Oletem
1/10/2018 - 1:06 PM

Mutations

Return true if the string in the first element of the array contains all of the letters of the string in the second element of the array.

For example, ["hello", "Hello"], should return true because all of the letters in the second string are present in the first, ignoring case.

The arguments ["hello", "hey"] should return false because the string "hello" does not contain a "y".

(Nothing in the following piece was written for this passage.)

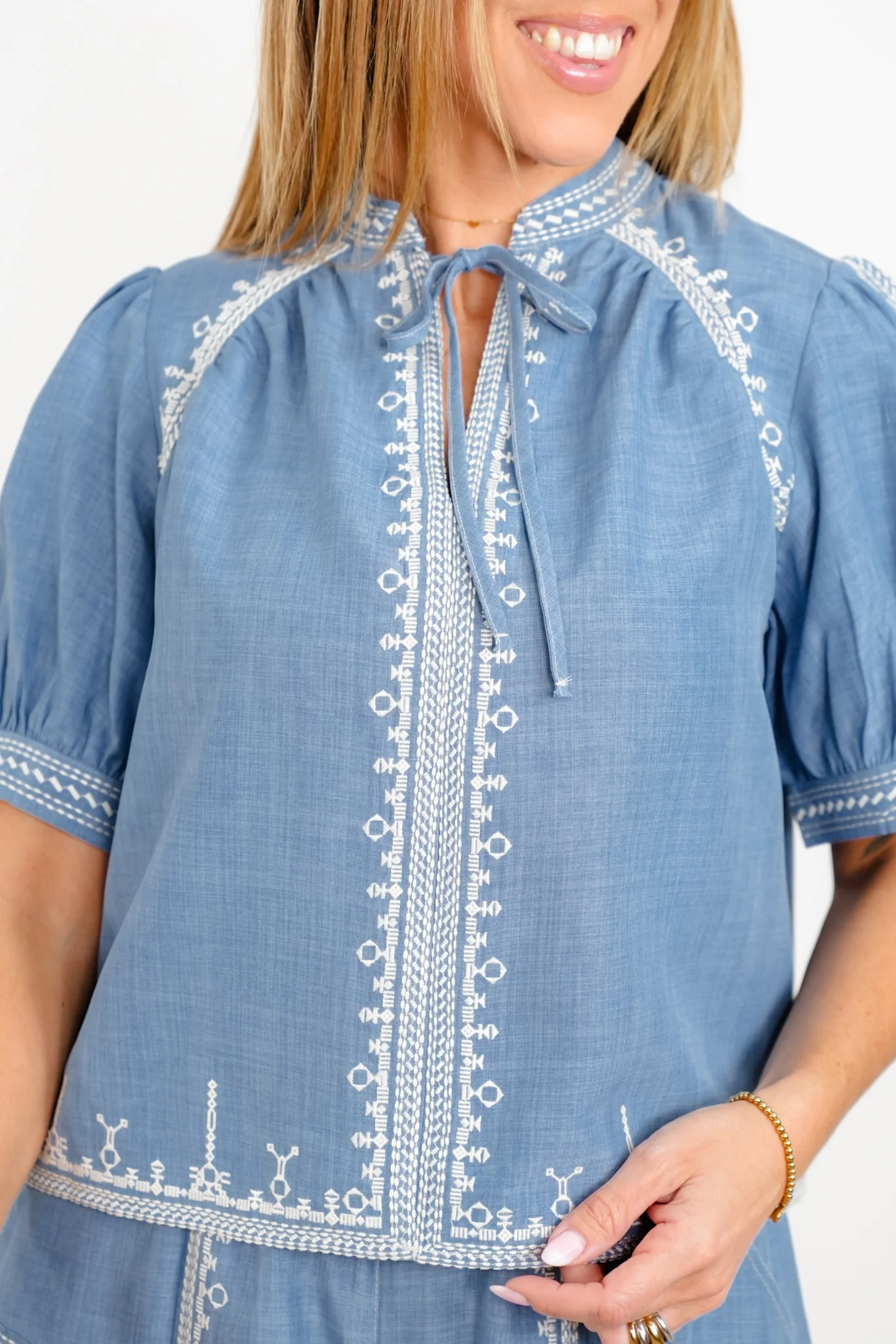 Short Sleeve Embroidered Puff Sleeve Top - Image 2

Lastly, ["Alien", "line"], should return true because all of the letters in "line" are present in "Alien".


function mutation(arr) {
  var target = arr[0].toLowerCase();//we are selecting first wor in array[hello]
  var test = arr[1].toLowerCase();//and second[hey] making them both lowercase, indexOf is case sensitive
  
  for(var i =0; i<test.length;i++){//creating a loop at a length of test string
    
    if(target.indexOf(test[i])===-1)//-1 is equal to not finding a match 
    /*we are comparing whole target(hello) for match with each and every letter of test(hey)*/
      
      return false;
  }
  
  return true;
}

mutation(["hello", "hey"]);

Intermediate Code Solution:
Declarative

function mutation(arr) {
  return arr[1].toLowerCase()
    .split('')
    .every(function(letter) {
      return arr[0].toLowerCase()
        .indexOf(letter) !== -1;
    });
}
:rocket: Run Code71

Code Explanation:
Grab the second string, lowercase and turn it into an array; then make sure every one of its letters is a part of the lowercased first string.

Every will basically give you letter by letter to compare, which we do by using indexOf on the first string. indexOf will give you -1 if the current letter is missing. We check that not to be the case, for if this happens even once every will be false.